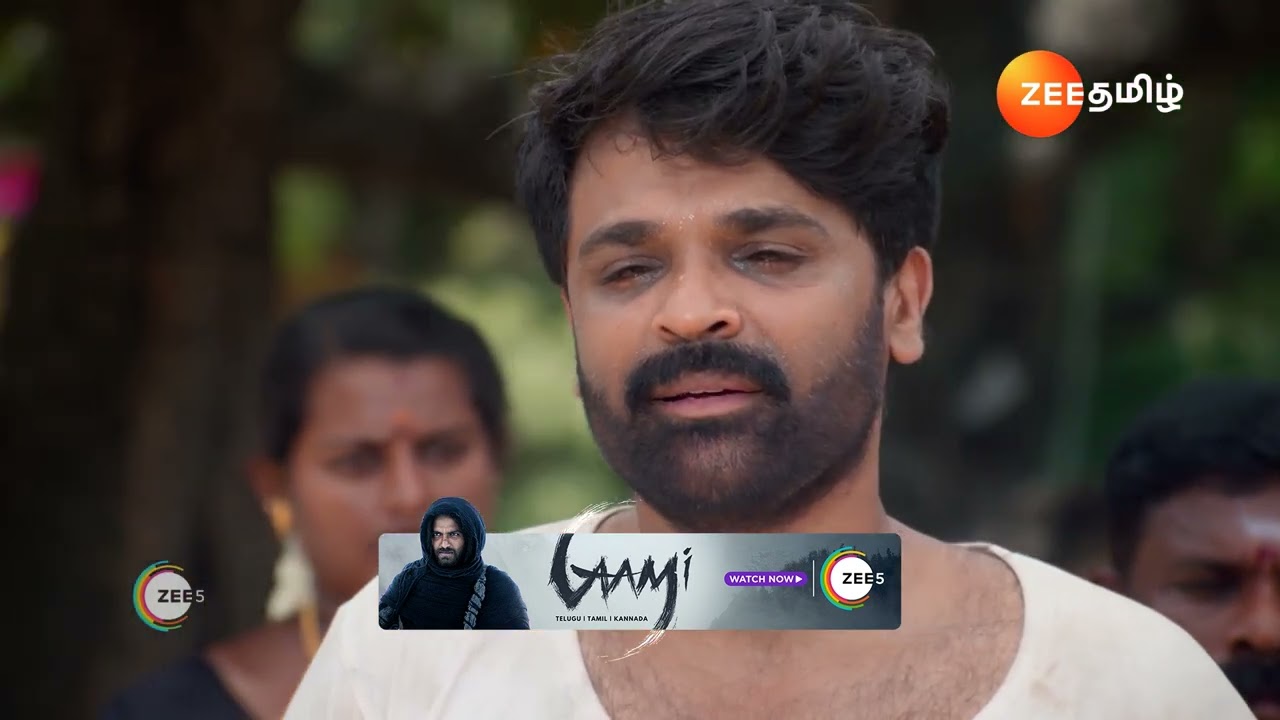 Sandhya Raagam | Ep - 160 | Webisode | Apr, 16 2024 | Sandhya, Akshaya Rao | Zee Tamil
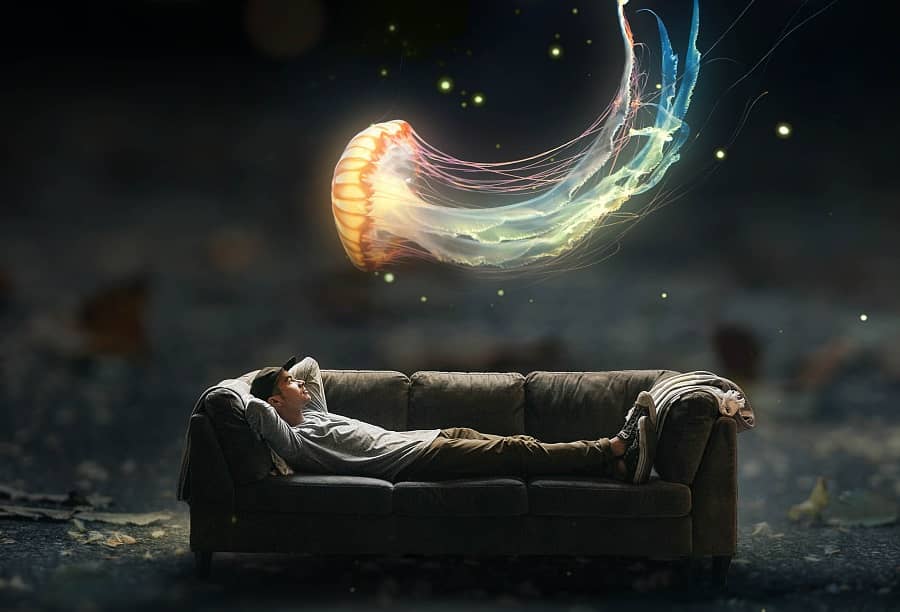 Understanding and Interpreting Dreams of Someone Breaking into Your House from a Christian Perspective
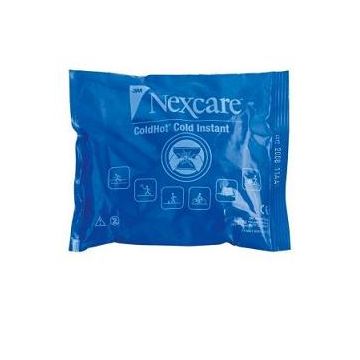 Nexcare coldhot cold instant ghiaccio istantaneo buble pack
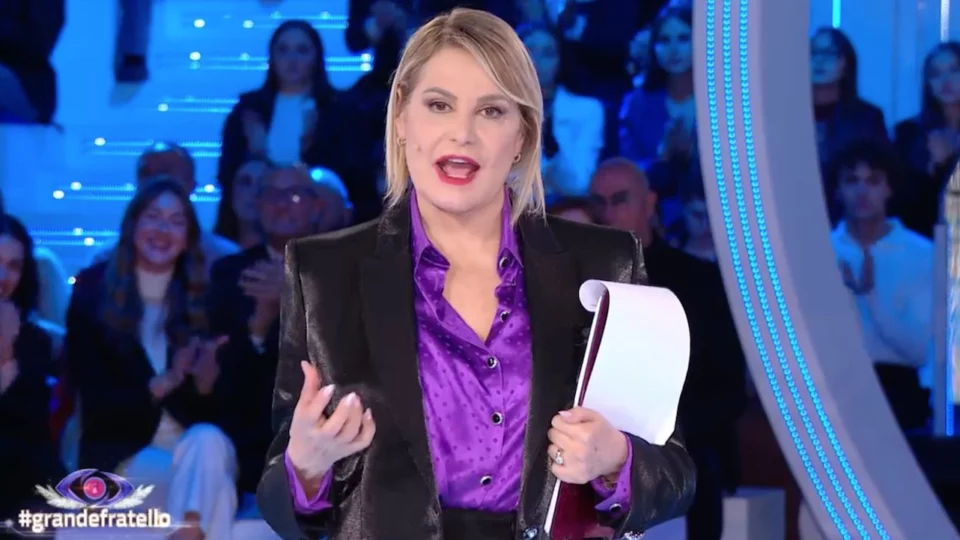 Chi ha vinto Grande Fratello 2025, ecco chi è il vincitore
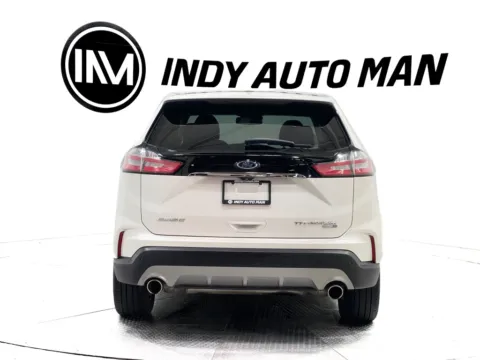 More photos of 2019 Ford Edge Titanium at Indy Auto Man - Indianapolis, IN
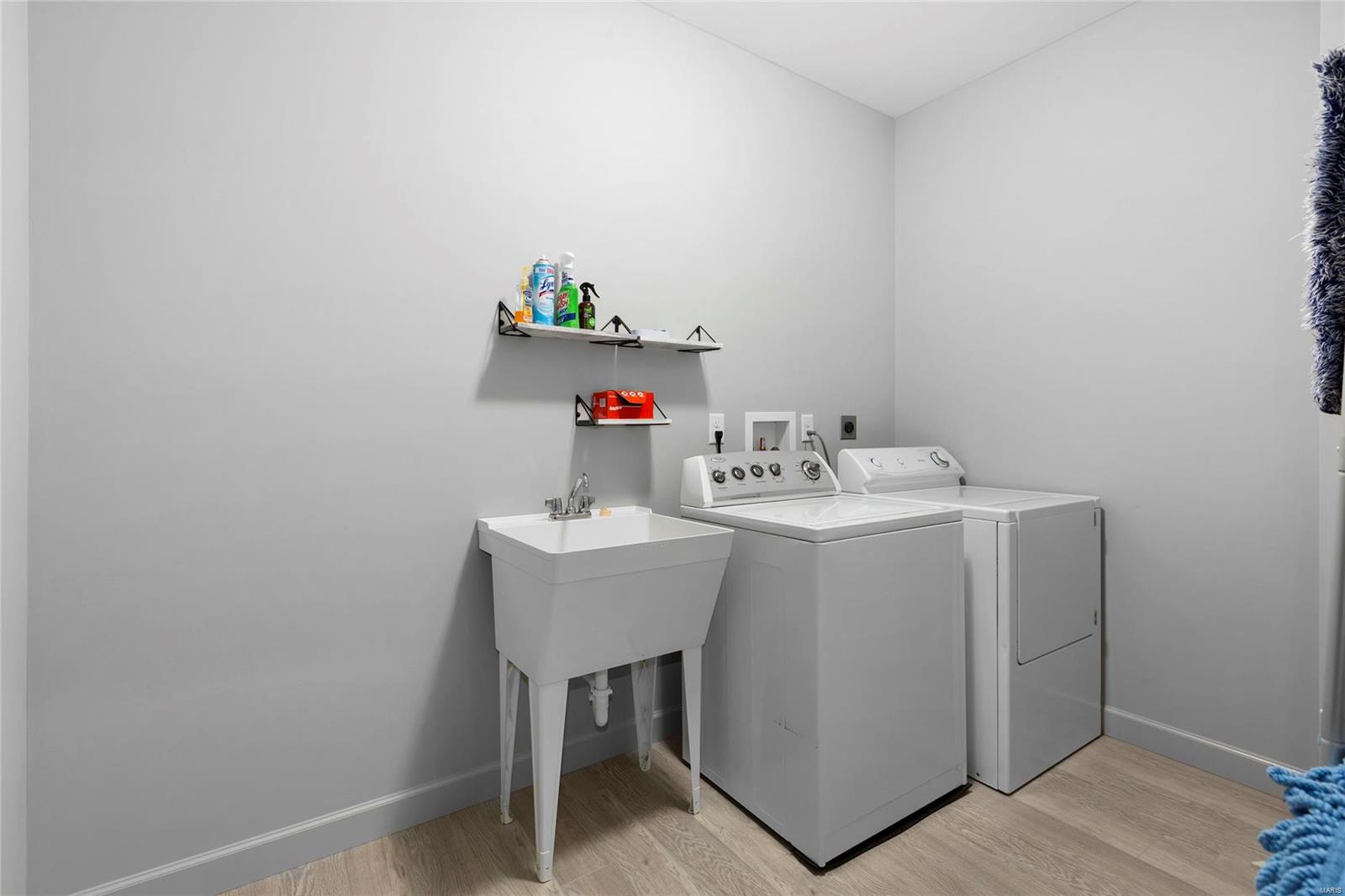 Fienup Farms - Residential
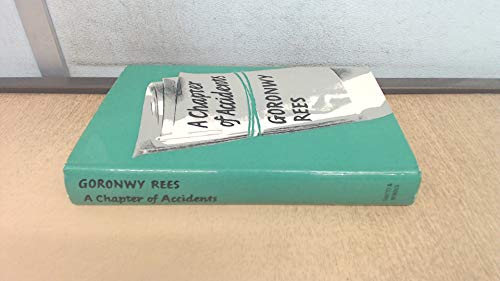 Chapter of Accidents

Instructions for the task – Leave out all pictures and retype precisely the lines that run from the line containing "Understanding and Interpreting" to the last line of the records.

Expected answer –
 Understanding and Interpreting Dreams of Someone Breaking into Your House from a Christian Perspective
 Nexcare coldhot cold instant ghiaccio istantaneo buble pack
 Chi ha vinto Grande Fratello 2025, ecco chi è il vincitore
 More photos of 2019 Ford Edge Titanium at Indy Auto Man - Indianapolis, IN
 Fienup Farms - Residential
 Chapter of Accidents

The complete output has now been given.